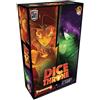 LUCKY DUCK GAMES Dice Throne Saison 1 Pyromancienne VS Voleur de l'Ombre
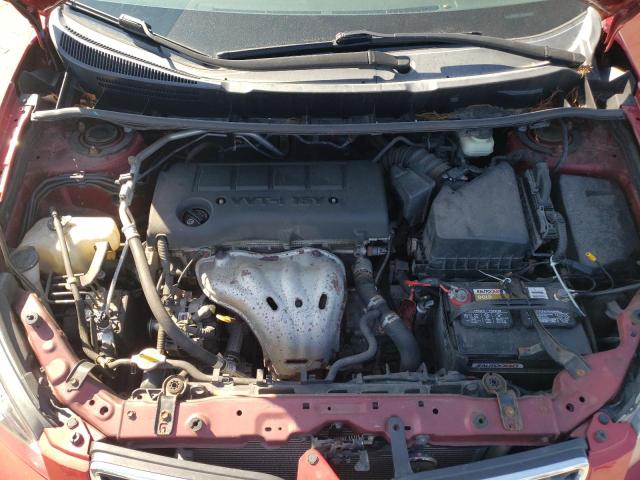 Photo 10 VIN: 5Y2SM67089Z424802 - PONTIAC VIBE 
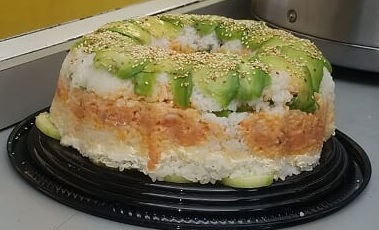 La Hija del Sushi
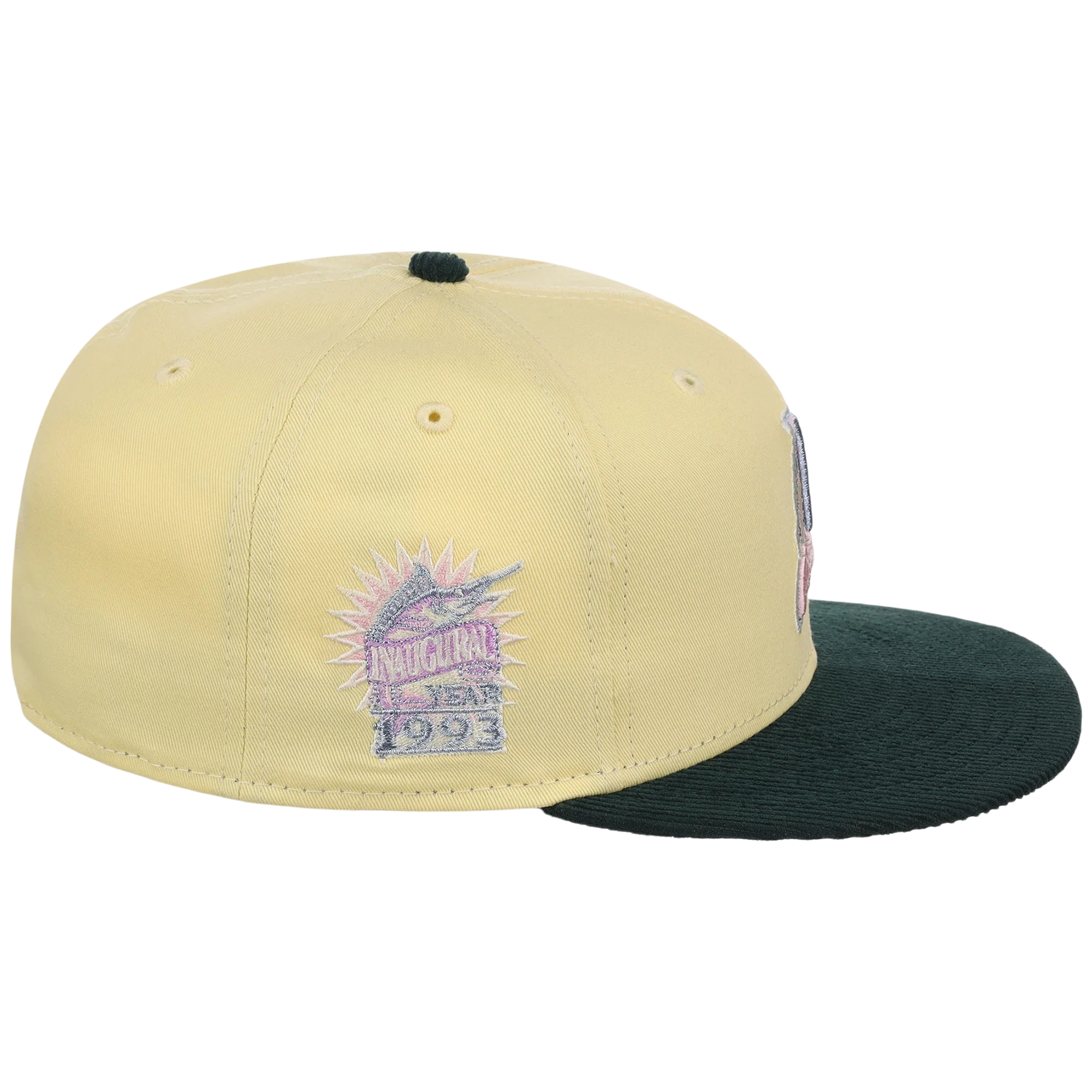 Florida Marlins MLB Layered Legacy New Era 59FIFTY - Image 3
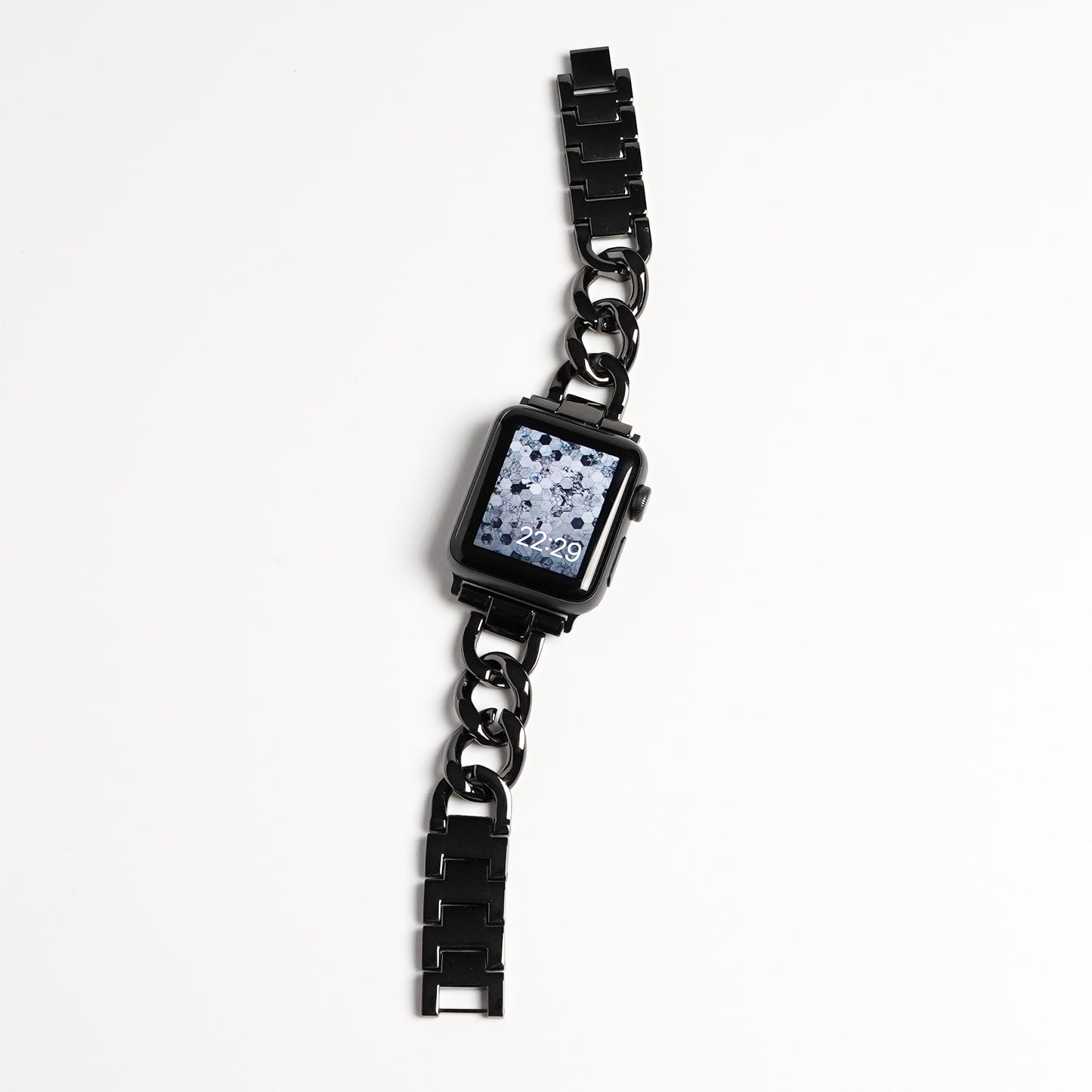 ステンレスチェーン アップルウォッチバンド Apple Watch – Lamu's(ラムズ)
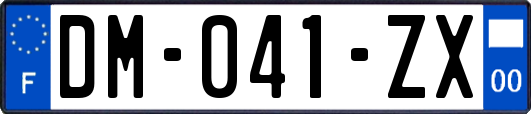 DM-041-ZX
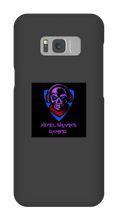 xeno_shanks_gaming Samsung Phone Cases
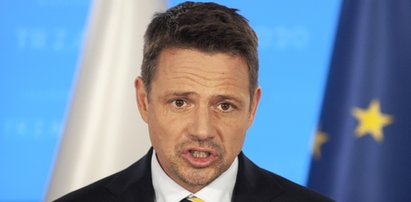 Trzaskowski kaja się w studiu telewizyjnym. "Głupia wypowiedź o czasach licealnych, sprzed 30 lat"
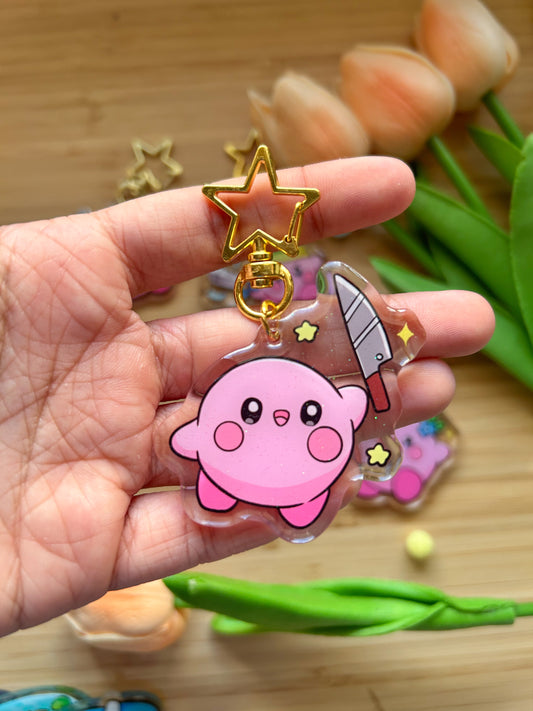 Kirby Keychains: 5 to collect!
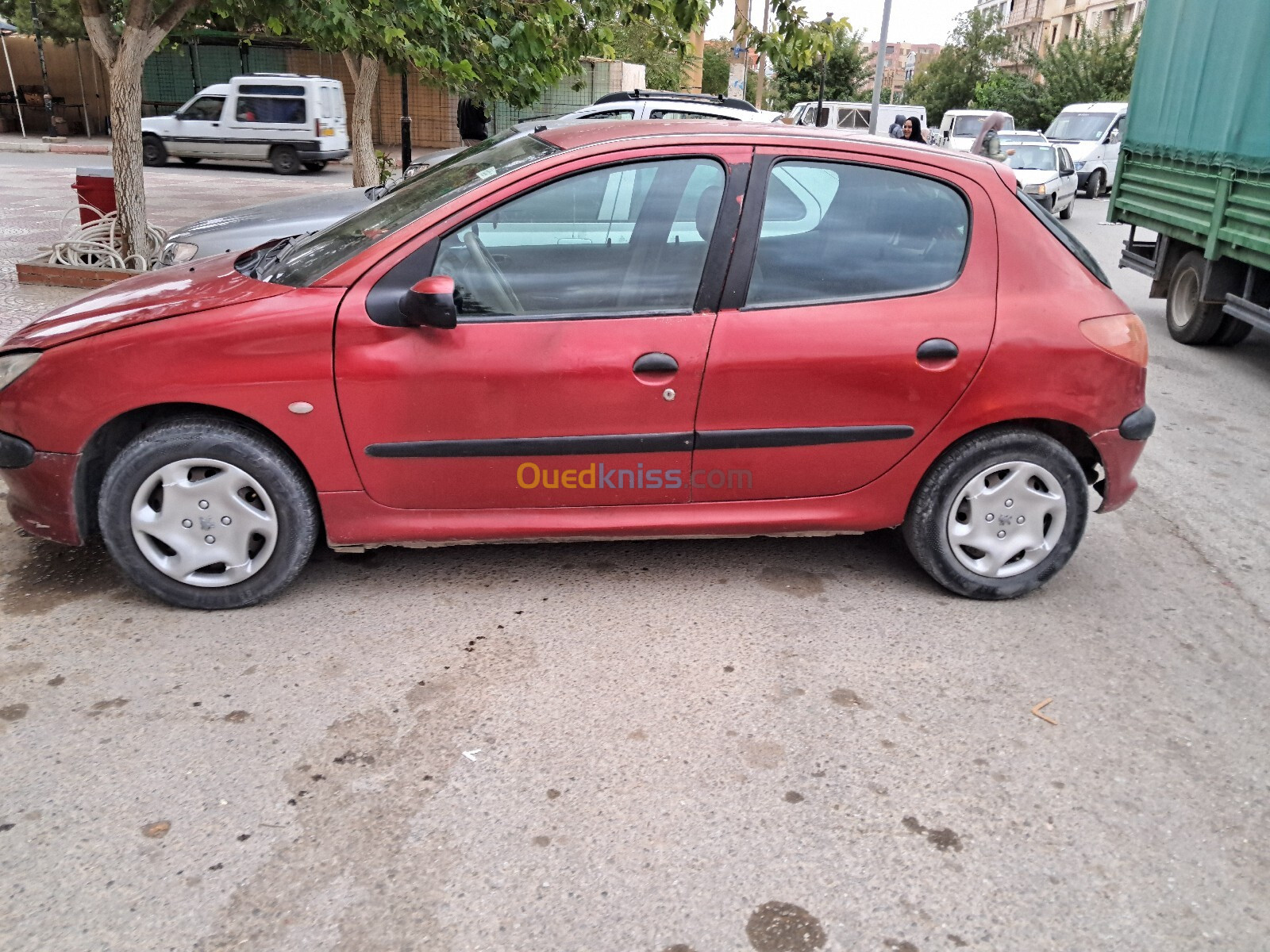 Peugeot 206 2002 206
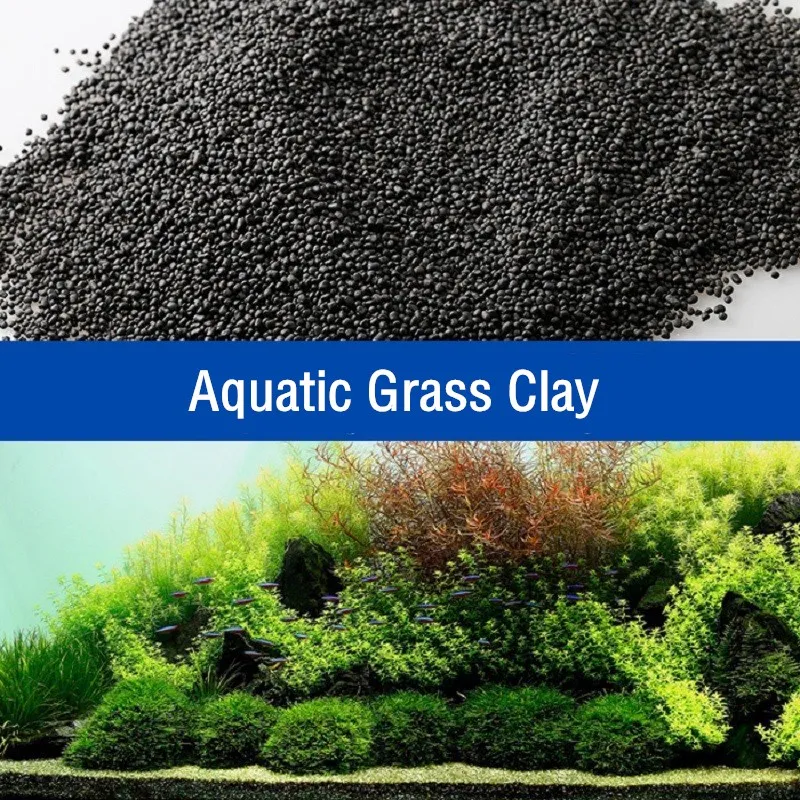 Substrato de Solo Plantado par - Aquarium Plant Gravel avaliação e preço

- EXERCISE REQUIREMENTS
Wherever an image appears in the data, omit it and repeat everything else exactly.

- SOLVED EXERCISE
 LUCKY DUCK GAMES Dice Throne Saison 1 Pyromancienne VS Voleur de l'Ombre
 Photo 10 VIN: 5Y2SM67089Z424802 - PONTIAC VIBE 
 La Hija del Sushi
 Florida Marlins MLB Layered Legacy New Era 59FIFTY - Image 3
 ステンレスチェーン アップルウォッチバンド Apple Watch – Lamu's(ラムズ)
 DM-041-ZX
 xeno_shanks_gaming Samsung Phone Cases
 Trzaskowski kaja się w studiu telewizyjnym. "Głupia wypowiedź o czasach licealnych, sprzed 30 lat"
 Kirby Keychains: 5 to collect!
 Peugeot 206 2002 206
 Substrato de Solo Plantado par - Aquarium Plant Gravel avaliação e preço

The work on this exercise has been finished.